March 06, 2005

Secret archives at heart of dispute

TOLEDO (OH)
Toledo Blade

By ROBIN ERB
blade staff writer

On a warm September afternoon, three Toledo detectives and a Lucas County prosecutor marched through the front door of the Toledo Catholic diocese and - over the objections of a startled receptionist - loaded into an elevator and punched the button to the fourth floor.

They were carrying a four-page search-and-seizure order signed by a judge, and their abrupt appearance at the downtown office of Bishop Leonard Blair marked a hairpin turn in what had been a cordial relationship between diocesan officials and criminal authorities investigating the 1980 killing of an elderly nun.

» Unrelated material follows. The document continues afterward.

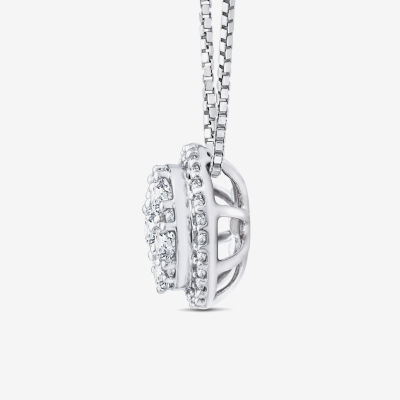 Diamond Blossom (I / I1) Womens / CT. T.W. Lab Grown White Diamond 10K White Gold Pendant Necklace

"Their communication prior to the search warrants was pretty open and free-flowing between us," the Rev. Michael Billian, episcopal vicar and the diocese's top administrator, recalled of the unprecedented search.

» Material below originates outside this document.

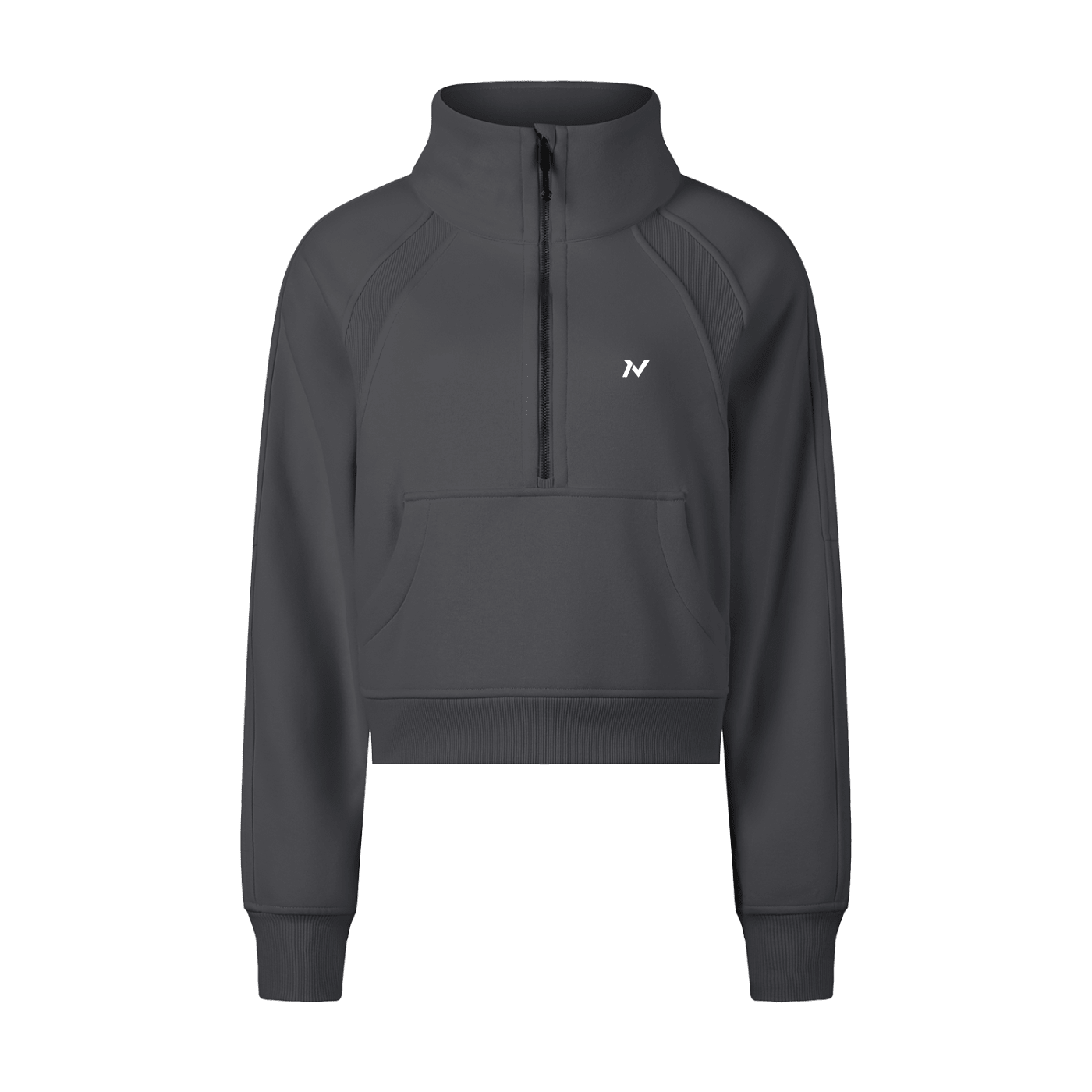 Iron Vault Cropped Half - Zip Sweatshirt — Black - Iron Vault Gym Clothing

Their target that day: the church's most-secret files - documents that investigators had hoped might contain clues to a 1980 slaying of Sister Margaret Ann Pahl and the man charged in her death: the Rev. Gerald Robinson.

Emerging from his office, Bishop Blair told investigators that such papers simply didn't exist.

But police, who removed 148 documents bearing the murder suspect's name, weren't convinced. Two days later, they returned with a second court order to search the office of the second most-powerful man in the 19-county diocese: Father Billian.